莫千怀愣了一下,嘴角勾起一抹得意的笑:“我知道啊,又不是你一个人这么说。”
“哎呀,你知道我说的是哪种般配吗?”衣韩羽挑眉,故作神秘地摊开手掌,装模作样地在掌心比划了几下。
“什么啊?”莫千怀好奇地凑过去。
“你看啊,”衣韩羽一本正经地分析起来,“你从小身体就不好,体寒那么严重,冬天手脚总是冰凉的。淮仲沫呢,我虽然了解不多,但听你说过,他小时候过得也不好,心里一直有阴影。”
他顿了顿,指尖在掌心轻轻一点,语气带着点感慨:“你叫莫千怀,他叫淮仲沫。连起来就是,莫牵着淮,怀中有莫。”
莫千怀微微一怔,握着奶昔的手不自觉地收紧。
“再往深了说,”衣韩羽越说越觉得自己有道理,语速都变快了许多,“你带着他走出过去的阴影,给他引路。他在怀里温暖你,融化你身上的寒意。莫牵淮引路,怀中莫消融。你们两个在一起,根本就是小说里的主角彼此救赎啊!”
说完,衣韩羽忍不住自我陶醉了一下,觉得自己简直是天才,能想出这么有氛围感的解读。
而莫千怀坐在位置上怔怔地听着,眼神忍不住飘向淮仲沫。
他从小就因为莫钟军的所作所为,患上了难以根治的病,常年被体寒所困扰,冬天冷得睡不着,夏天也不敢贪凉。
而淮仲沫,也因为父母的事从小就活在阴影里。没有温暖没有依靠,一个人扛着所有的委屈和难过,沉默地长大。
他们都是在黑暗里独行太久的人。
直到后来,他来到了他的身边,像一道光,一点点照亮他封闭已久的世界,带着他慢慢走向光明。
而淮仲沫也来到了他的生命里,用沉默的温柔,给了他足够的陪伴与温暖,一点点融化他身体和心底积攒了多年的寒意。

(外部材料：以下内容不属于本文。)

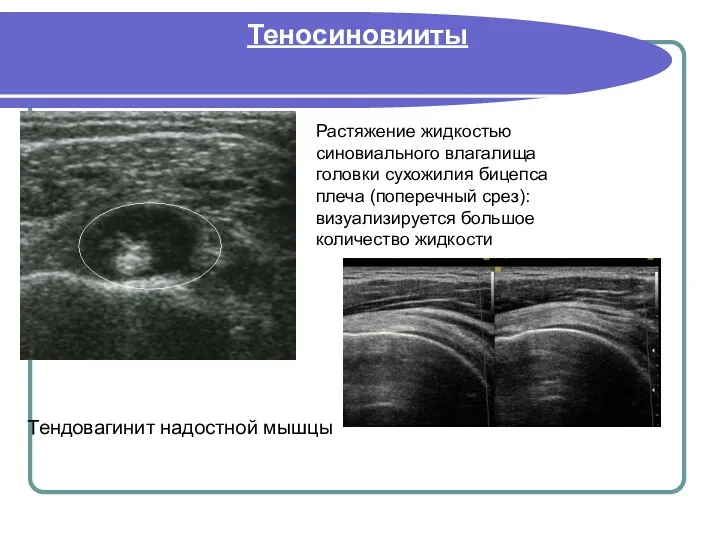 Теносиновииты Растяжение жидкостью синовиального влагалища головки сухожилия бицепса плеча (поперечный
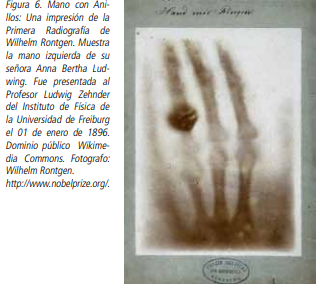 Primera Radiografía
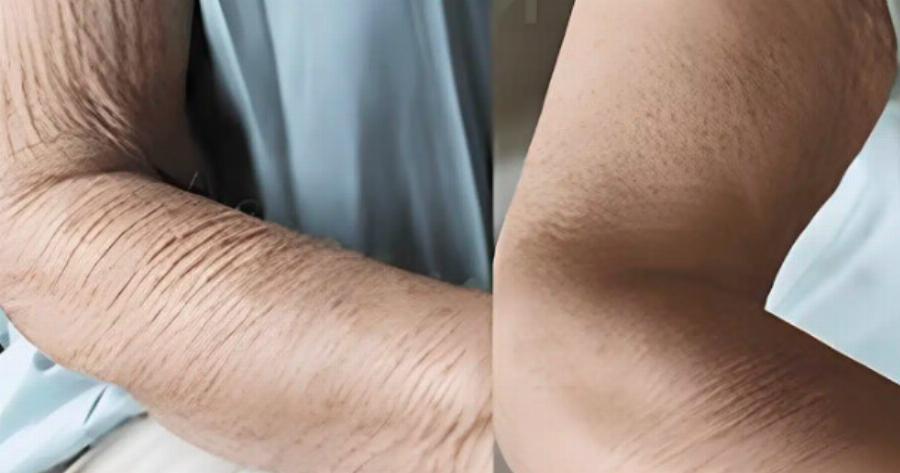 Πώς να φροντίσετε το δέρμα που γερνάει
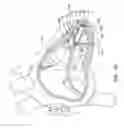 Fig. 13 - Delivery devices and methods for leadless cardiac devices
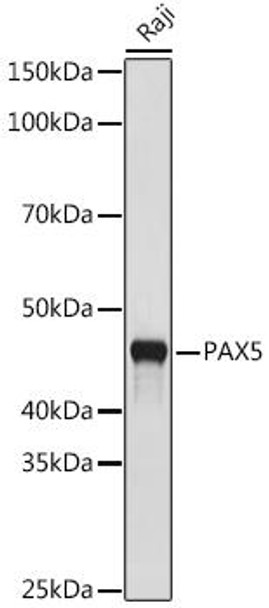 Anti-PAX5 Antibody (CAB9607)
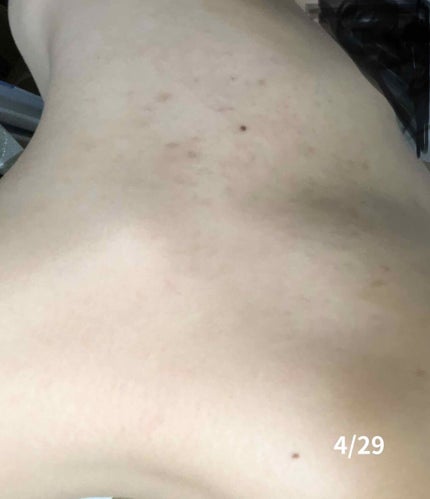 EclatCharme(エクラシャルム)/FABIUS/オールインワン化粧品を使ったクチコミ(4枚目)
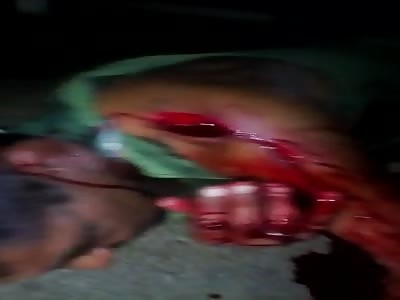 man wounded to death by favela rivals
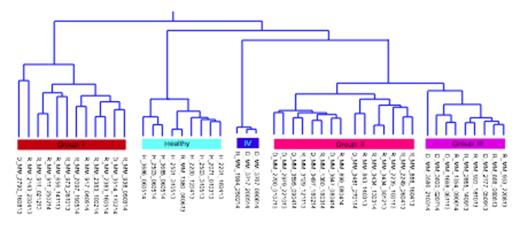 Figure:. Subgrouping of MM patient samples (I-IV) based on selective drug response profiles. H/D/R denotes healthy, diagnostic and relapse, respectively.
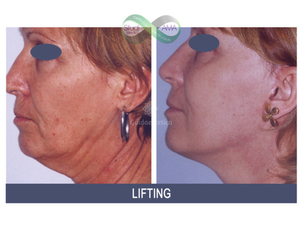Prima e dopo lifting del volto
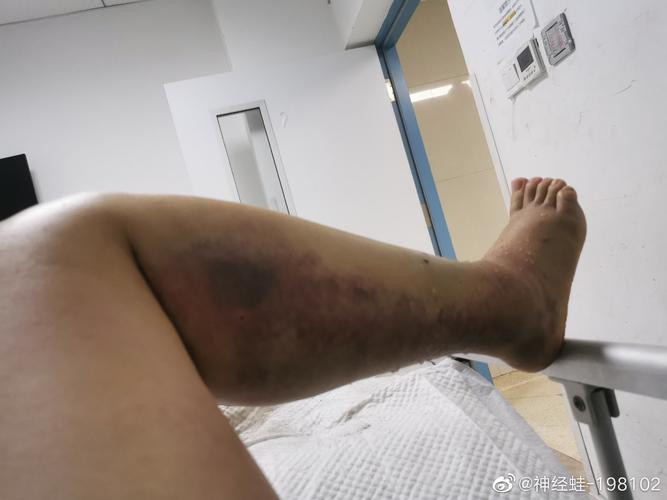 澳门管家婆100%精准香港和女子遭毒蛇咬伤身亡与女子遭毒蛇咬伤身亡视频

淮仲沫似乎察觉到他的目光,微微侧过头,对上莫千怀的视线,“怎么了?”
莫千怀回神连忙别过头,脸颊微微一热,但声音却是满满的安心:“没什么……就是觉得,有哥在,真好。”
莫牵淮引路,怀中莫消融。
莫千怀为他引路,走出阴霾。淮仲沫为他融冰,带来温暖。
最好的救赎,从来都不是一个人的单方面付出,而是两个同样受过伤的人,相遇、相伴,彼此照亮,彼此温暖。
他是他的引路光,他是他的融冰火。